The path of least resistance

Only centimetres away from ITER's 150-million-degree-Celsius "fusion furnace," certain components will be operating at temperatures that are at the extreme opposite end of the scale.

 

The magnets surrounding the ITER Tokamak will be cooled to very low, or cryogenic, temperatures near absolute zero—approximately minus 269 degrees Celsius (4.2 Kelvin). That's colder than the dark side of the Moon or the surface of Neptune, the furthest planet from our Sun.

 

When ITER's magnets are cooled to -269 °C, they become superconducting.

 

Superconductivity is a natural property of certain metals, alloys and ceramics when cooled below a defined "critical temperature."

 

Below the critical temperature—which varies for each material—electrical resistance drops to zero, allowing these materials to carry large amounts of electrical current without losing energy.

 

In magnets operating at "normal" temperatures, electrical current can be visualized as a flow of electrons moving through a microscopic jungle of atoms, defects and other electrons. The electrons inevitably collide with some of these particles, causing the electrons to lose momentum, and creating heat in the process.

 

For large magnets, two negative side effects result: more energy is required to restore the lost energy; and the heat generated by the collisions needs to be extracted from the magnet coils.

 

In ITER, on the other hand, as the superconducting materials in the magnets are cooled to below their critical temperature, the properties of electrons are changed in such a way that this electrical resistance disappears completely, and they become superconductors.

 

"Typically, when you pour energy into a magnet, resistance steals away part of what you have poured in," explains Paul Libeyre, Central Solenoid and Correction Coil Section Leader. "It's like trying to fill a bucket with water when it has holes. A superconducting magnet can be thought of as a bucket without holes; electrical resistance disappears completely and what you pour in ... you are able to keep."

 

 

By "retaining" all of their energy, the superconducting materials chosen for ITER's magnet systems will be able to carry higher current and produce stronger magnetic field than conventional counterparts.
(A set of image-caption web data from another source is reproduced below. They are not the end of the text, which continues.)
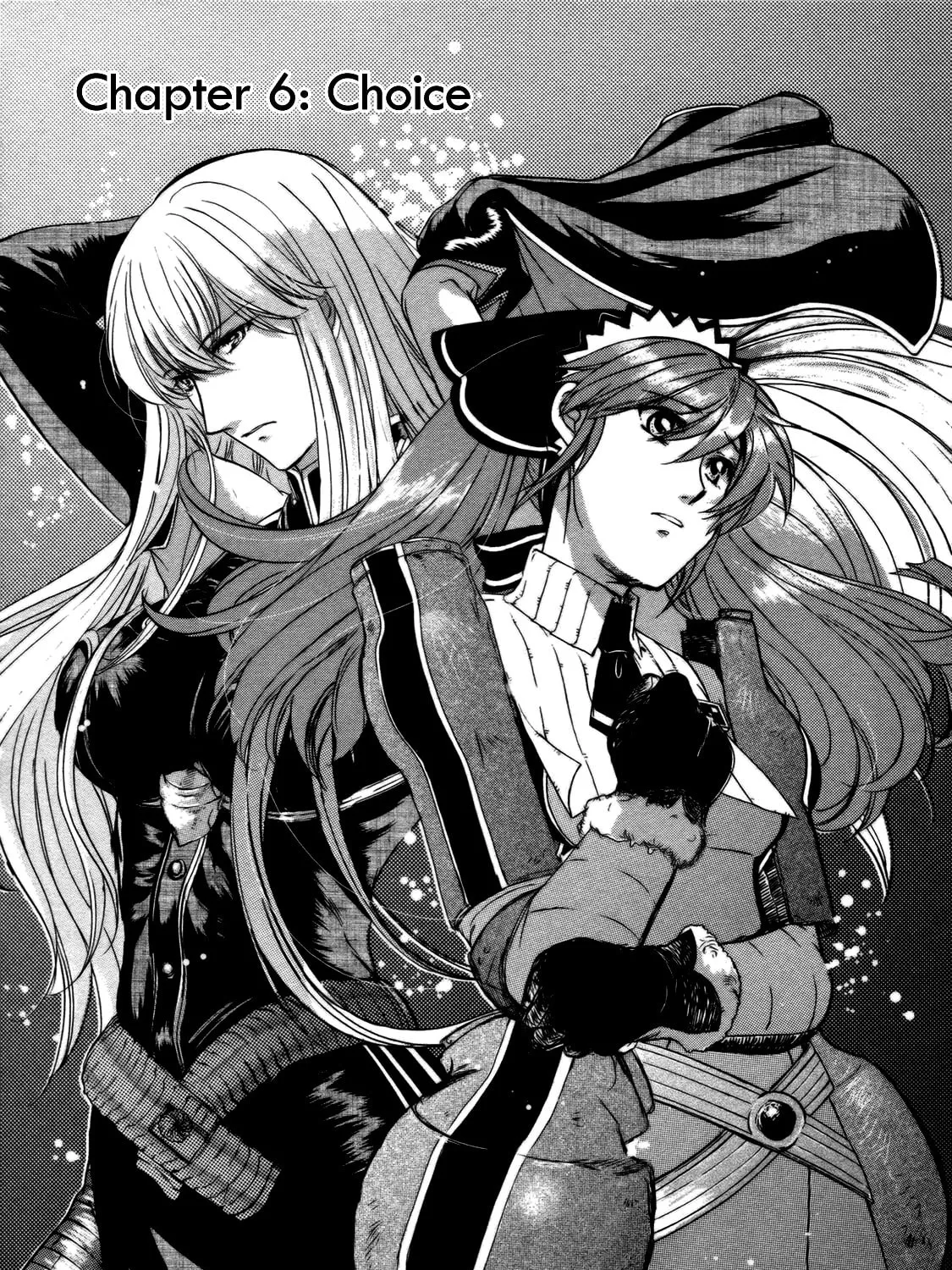 Read Valkyria Chronicles chapter 6 image 1 on Lezhin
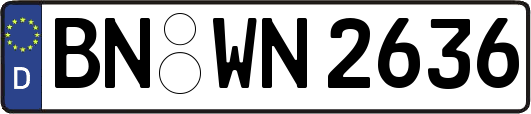 BN-WN2636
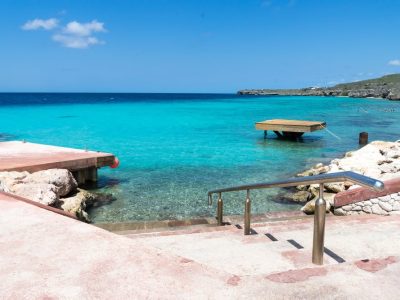 Strand Karakter Coral Estate Curacao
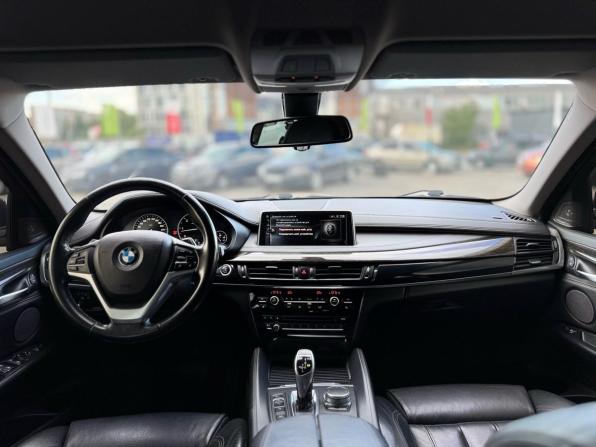 BMW X6 II (F16) с пробегом 2017 года, цена 3 699 000 рублей, 185000 км, внедорожник, Автокод Объявления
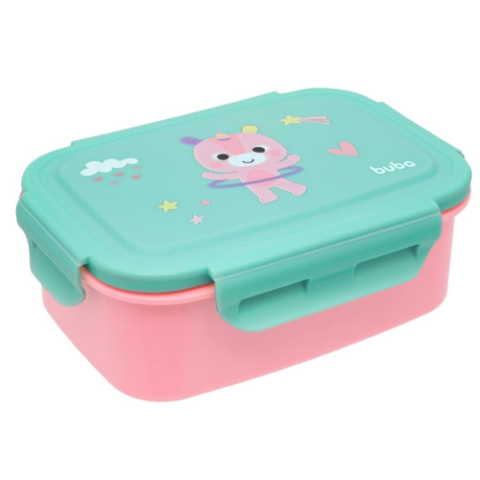 Bento Box Zoo Unicornio Buba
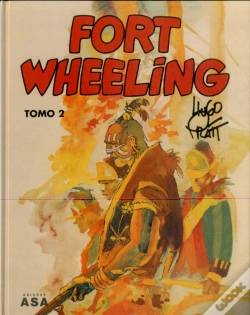 Capa do artigo Fort Wheeling - Tomo 2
They'll also consume less power and be cheaper to operate ... making superconducting magnet technology the only option for ITER's huge magnet systems.

 

 

Advances in superconductivity have made possible an array of energy-intensive applications in the past decades such as magnetic-resonance imaging, magnetically-levitated trains, and particle accelerators.

 

Most of the superconducting magnets used in these applications are made from a niobium-titanium (NbTi) alloy that offers robust performance at low cost. ITER plans to use NbTi for two of its magnet systems—its poloidal field magnets, and an array of small correction coils.

 

Above a certain "critical magnetic field," however, NbTi no longer operates as a superconductor. For the ITER magnets that will be required to produce the strongest magnetic field—the central solenoid and the toroidal field coils—the costlier but higher-performing niobium-tin (Nb3Sn) alloy will be used.

 

Among superconducting tokamaks, Tore Supra in France was the first to test niobium-titanium in its toroidal field system in 1988. EAST in China, commissioned in 2006, was the first fully superconducting tokamak. More recently, niobium-tin (Nb3Sn) superconducting magnets were integrated in the Korean tokamak KSTAR (2008), and in tokamaks under refurbishment (JT-60SA in Japan) or construction (SST-1 in India).

 

These latest-generation tokamaks will be able to achieve ITER-similar operational parameters; experiments run on these devices will serve to support the operation of ITER, and to investigate how to optimize the fusion power plants of the future.